Les réalisateurs confient que, lors de sa projection en salles, sept spectateurs du film sur dix viennent des classes populaire et moyenne. Et ces proportions ne tiennent pas compte du boom qu’a fait le film sur les stands pirates que l’on retrouve à chaque coin de rue et dont les clients sont issus des mêmes classes sociales. Roberto et Layda affirment avoir ouvert une brèche en ayant réussi à intéresser un public qui, d’accoutumée, ne s’intéresse que très peu au documentaire. C’est que le sujet est parlant. En discutant, en sondant un peu, on a l’impression que la prison est une sorte de service militaire ici : tout membre d’une famille de bas revenus est susceptible d’y tomber, après avoir, ou non, commis un délit. Et une fois qu’on tombe dans le trou, difficile d’en sortir avant une période de cinq ans, au moins, passée à l’ombre. Les fausses déclarations validées par le juge mettent la machine en marche et les avocats véreux qui soutirent l’argent aux familles font le reste. Une période minimum de cinq ans. Comme le service militaire. Mais un peu plus long.
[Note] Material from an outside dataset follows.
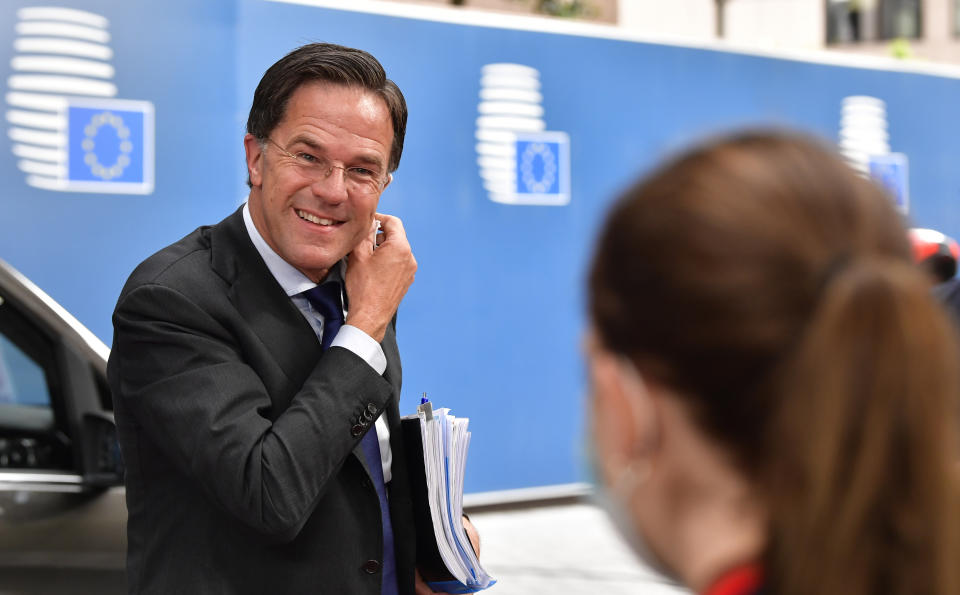 Dutch Prime Minister Mark Rutte arrives for an EU summit at the European Council building in Brussels, Sunday, July 19, 2020. Leaders from 27 European Union nations meet face-to-face for a third day to assess an overall budget and recovery package spread over seven years estimated at some 1.75 trillion to 1.85 trillion euros. (John Thys, Pool Photo via AP)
En second lieu, il faut dire que Roberto et Layda on su trouver leur personnage principal et c’est là que les rushs sont passés du document au documentaire : « Presunto Culpable » s’appuie sur le parcours de Toño Zuñiga, donc, jeune vendeur d’Iztapalapa, se battant contre un système corrompu et inhumain. C’est que Toño est le protagoniste idéal qui permet aux jeunes des quartiers pauvres de s’identifier : beau gosse, sensible, Toño sait s’exprimer et, en plus de cela, il chante le rap et danse le hip hop. C’est le « chavo » d’Iztapalapa qui pourrait réussir mais qui est condamné à faire son service militaire : cinq ans de prison. Avant d’être innocenté bien sûr, grâce au soutien de ses amis, avocats et réalisateurs. Il demande d’ailleurs à la procureure, une fois son innocence reconnue, pourquoi elle s’est tant acharnée sur lui alors que les preuves manquaient ; elle lui répond : « J’ai simplement fait mon boulot ».
Bande annonce (VO)
Le film se base sur ces confrontations, entre Toño et ses juges, entre Toño et les policiers, entre Toño et son témoin à charge… Des confrontations qui ne se font pratiquement jamais car elles ne sont pas obligatoires et parce que, souvent, les inculpés ne savent pas qu’elles sont possibles. Des confrontations qui, cette fois-ci, ont été filmées, dans une société où la confrontation est à éviter à tout prix… En ce sens, le portait de la justice mexicaine dépeint dans « Presunto Culpable » serait-il un portrait de la société mexicaine tout entière ? Une société où les exactions et les injustices sont monnaie courante, au vu et au su de tous, mais où la dénonciation publique de ces mêmes exactions reste anecdotique… A la question sur la possibilité du pays de rénover sa justice et son système politique les réalisateurs répondent : « Chaque peuple a le gouvernement qu’il mérite. Au Mexique, nous avons accepté durant longtemps des dirigeants corrompus, en nous plaignant, certes, mais sans faire grand chose pour combattre cette corruption ».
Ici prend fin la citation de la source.